Wednesday, December 18, 2013

12/18/2013--First Proper Tour of the Year

Today was my first "proper" tour, meaning I skied something not at a resort. The snow coverage here hasn't been great, and furthermore, the snow has been fairly sketchy, so I've done lots of resort walking so far with nothing really to speak of. That changed today when I met Andy, Teague and Josh for a run up Red Baldy. The plan was to take pow skis. Teague and Josh apparently don't own any and both showed up with Alien boots and 170cm skinny skis. It was a super fun day and left me wanting more. Normally I couldn't hold Andy or Teague's jockstraps but the pace was pretty mellow all day--I think the citizen series race made them tired.

We wanted to ascend the run to assess. Teague and Andy.

Splitter day! I've wanted to ski the Lake Peak couloir many times. Hopefully I will soon.

The snow got firm and sparse near the top so we switched to booting.
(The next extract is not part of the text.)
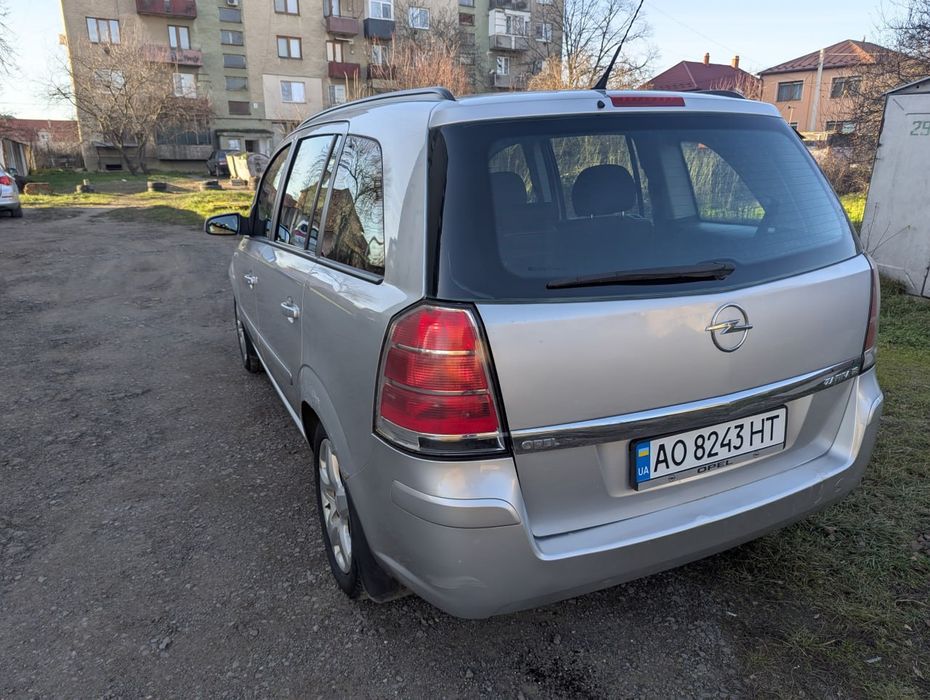 Опель зафіра Б 2007р.в  1.8 газ/бензин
SLC valley somewhere under the soup in the background.

A Wasatch Sasquatch sighting! (Teague Holmes collection)

What, who doesn't wear their wife's glasses? (Teague Holmes collection)

Me descending. (Teague Holmes collection). I believe this couloir is Rock n' Roll.


Wasatch Skimo Citizen Series #3 Recap

December 17 was the third iteration of this winter's Wasatch Skimo Citizen Series. I didn't get a full headcount, but the list of members is over 100 people now and I'm pretty confident most of them showed up last night--it was incredible! We've had alot of people sign up at and coming out to the races.

The beautiful thing about these races is the range of equipment used--From lycra suits, carbon boots and twig skis to splitboards and powder rigs. Regardless of gear, the races are a chance to be introduced to skimo racing and a good excuse to go ski with friends on a Tuesday night. I'd take skiing intervals over intervals of eating chips while watching the Kardashians anytime.

I was in charge of setting the course last night and it gave me a lot of respect for that task--It takes a while and you have to schlep all the flags up and down the course, setup, tear down, etc. It takes much longer than you'd think and it made me appreciate the effort that goes into this each race.

Several sponsors have been supporting the series with raffle prizes from Voile, Black Diamond,, Gear:30, La Sportiva, Camp, Gnarly Nutrition, Kate's Bars, among others.

The race division raced a course of 3 laps, with others completing two laps. Each lap consisted of two ~400 foot climbs and two ski descents. The suits finished in around 45 minutes with everyone else finishing in 60-70 minutes of racing before heading over to Molly's.
Tom off the front right from the get go.

The crowd descended on Molly Green's after for raffle prizes and food.
The proginator of many Wasatch skimo racers, Joey Dempster.

Transitions make or break it in the suits race. ~60 seconds for an uphill transition and ~30 seconds for a downhill transition.

The viking.

Monday, September 9, 2013

2013 Wasatch 100. DNF.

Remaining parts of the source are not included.